BEGIN Source material

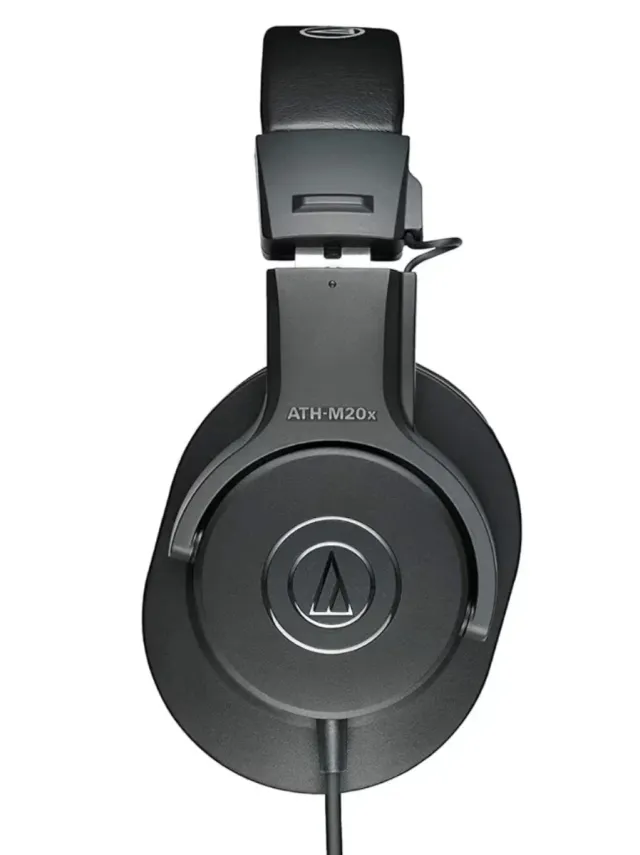Auricolari Audio-Technica ATH-M20x Nero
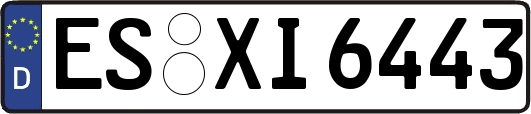 ES-XI6443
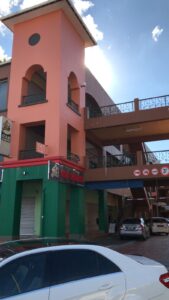For Sale Kubah Ria Ground floor shoplot jalan matang Kuching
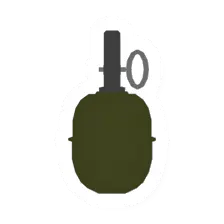 Unturned RGD-5 Frag Grenade throwable icon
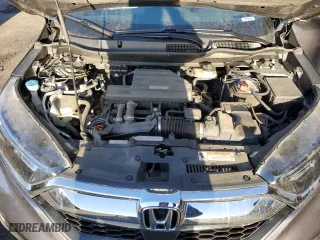 2019 Honda CR-V EX with VIN 7FARW2H53KE033231, listed as a Copart auction lot 53473705 with 59,507 mi miles and Salvage Title. Bid and sale history available at carsss.com. Image 11.
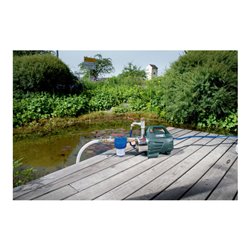 Metabo Gartenpumpe P 4500 Inox Karton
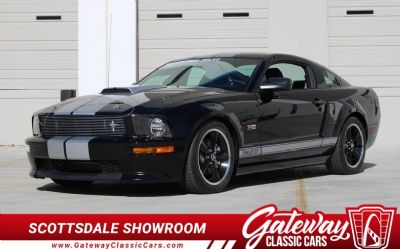 2007 Ford Mustang Shelby GT 2007 Ford Mustang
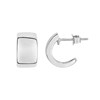 Boucles d'oreilles femme - Argent 925 - vue V1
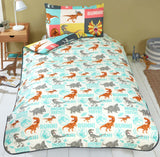 Jurassic World Dino Reversible Coverless Duvet Set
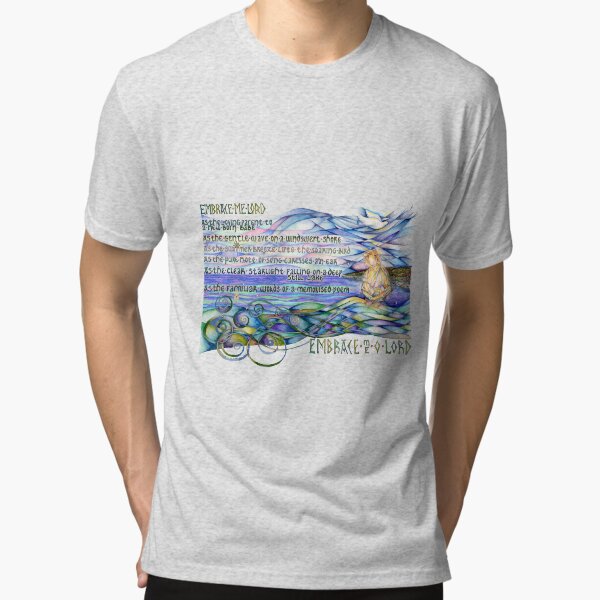 Tri-blend T-Shirt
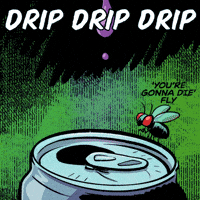 Dripping Drip Drip GIF by VeeFriends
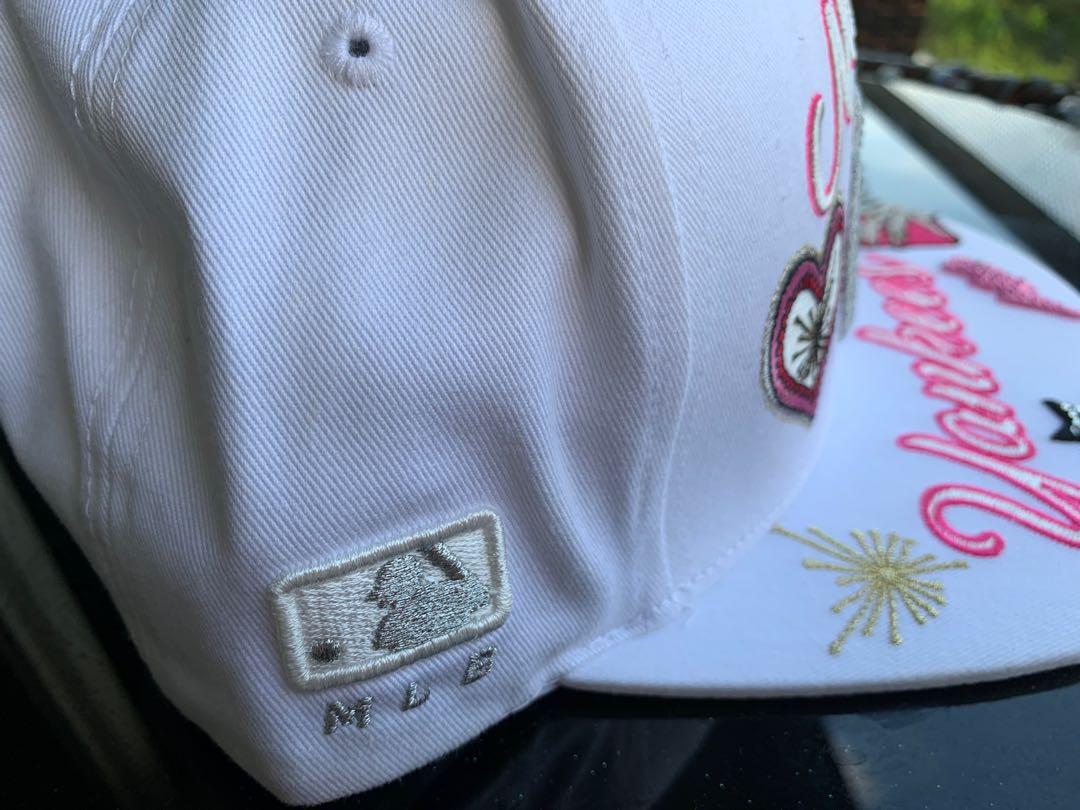 BN authentic MLB cap korea, Women's Fashion, Watches & Accessories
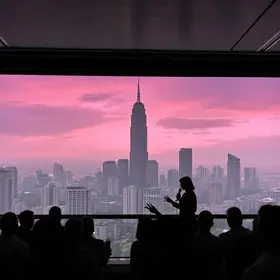 lançamento do livro em comemoração ao aniversário da Cidade de São Paulo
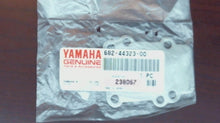 Yamaha 682-44323-00-00 - Outer Plate Cart. (GLM)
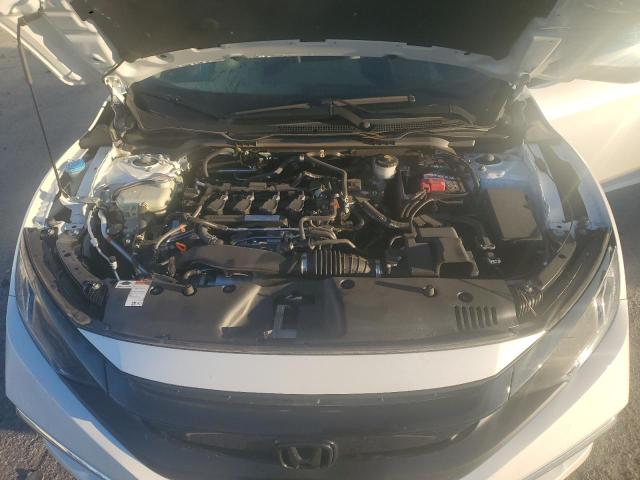 19XFC1F71LE207911 - 2020 HONDA CIVIC EXL თეთრი ფოტო 11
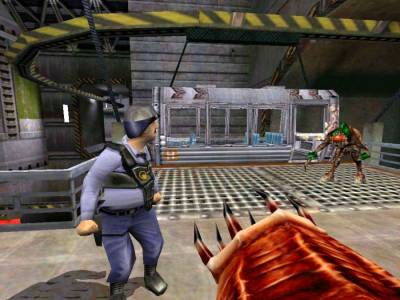 Half-Life: Opposing Force скачать на пк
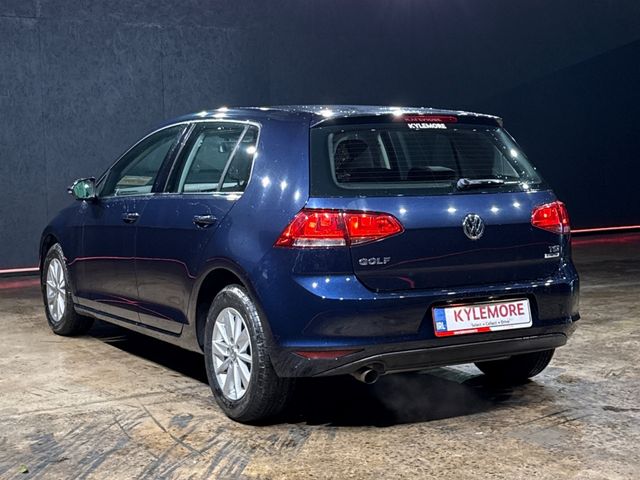 Image for 2016 Volkswagen Golf 1.2 PETROL AUTOMATIC - ALLOY WHEELS - BLUETOOTH AUDIO - HEATING / AC CONTROLS - FULLY ELECTRIC WINDOWS 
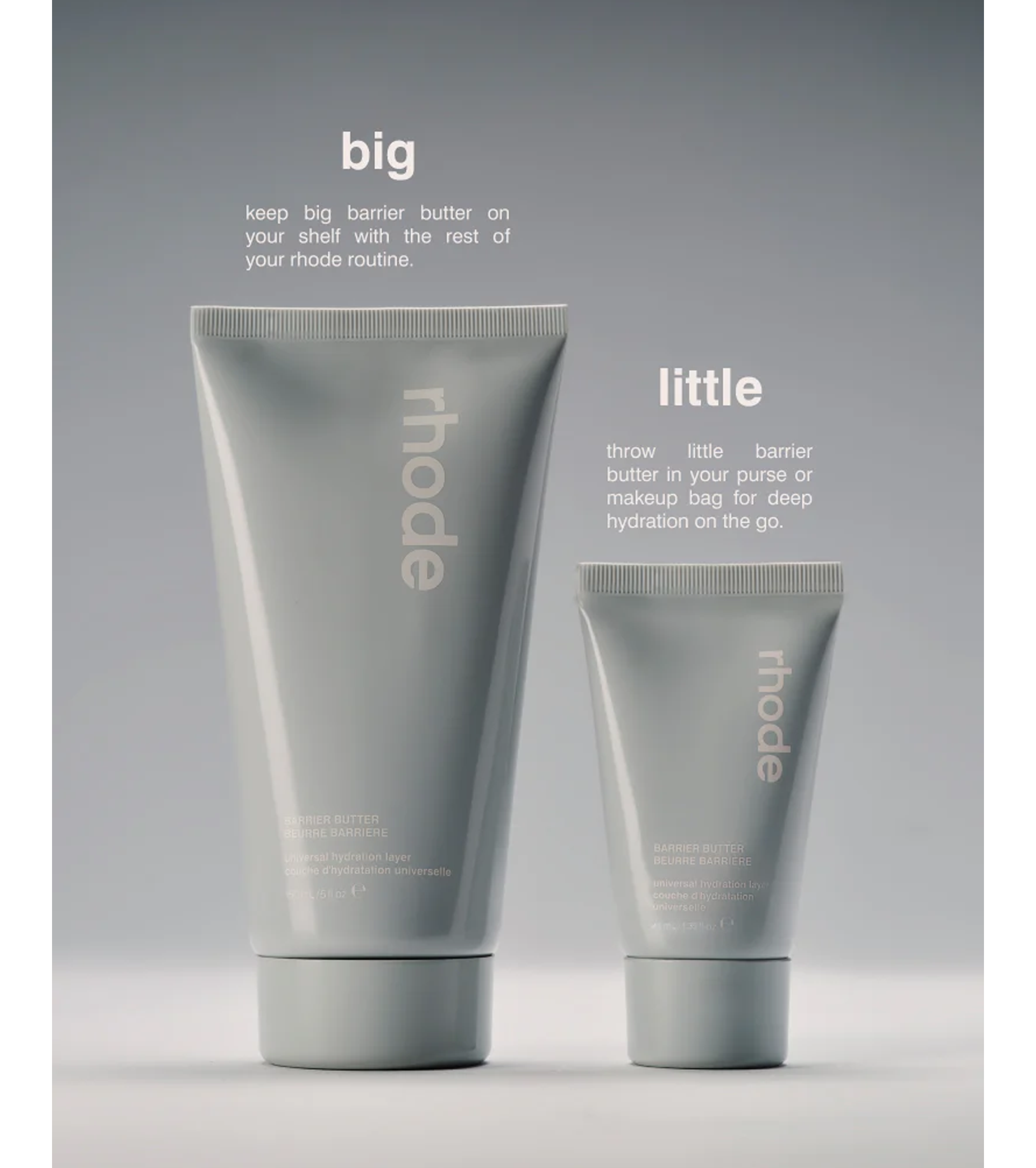 Rhode Barrier Butter in Melbourne, Australia - Prior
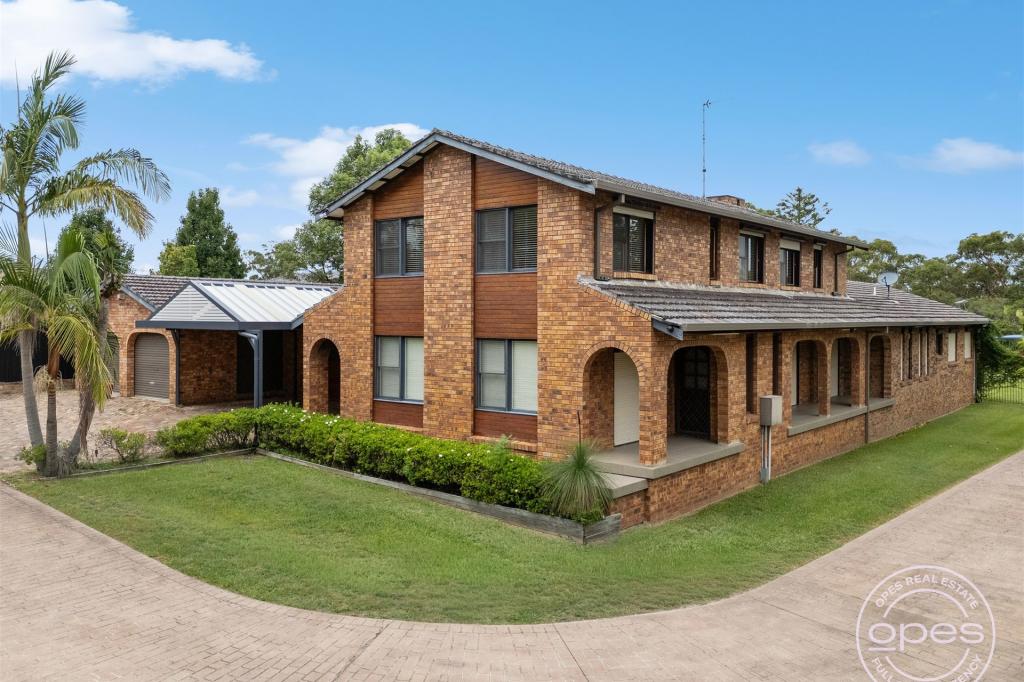 254 Annangrove Rd, Annangrove, NSW 2156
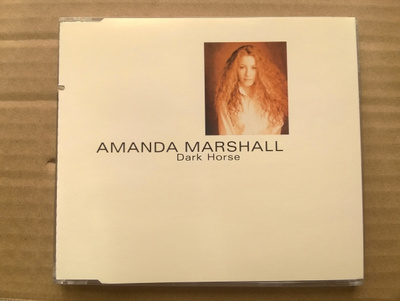 Amanda Marshall - Dark Horse CDS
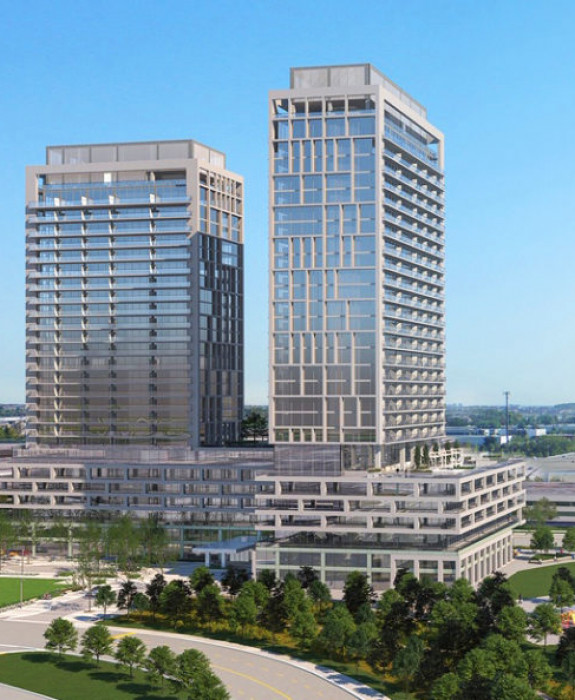 Charisma Condos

END Source material

→ Directions
Exactly repeat the material from its first line through the line with "Boucles d'oreilles femme", including both, and leave the pictures and everything else out.

→ Written solution
Auricolari Audio-Technica ATH-M20x Nero
 ES-XI6443
For Sale Kubah Ria Ground floor shoplot jalan matang Kuching
 Unturned RGD-5 Frag Grenade throwable icon
 2019 Honda CR-V EX with VIN 7FARW2H53KE033231, listed as a Copart auction lot 53473705 with 59,507 mi miles and Salvage Title. Bid and sale history available at carsss.com. Image 11.
 Metabo Gartenpumpe P 4500 Inox Karton
 2007 Ford Mustang Shelby GT 2007 Ford Mustang
 Boucles d'oreilles femme - Argent 925 - vue V1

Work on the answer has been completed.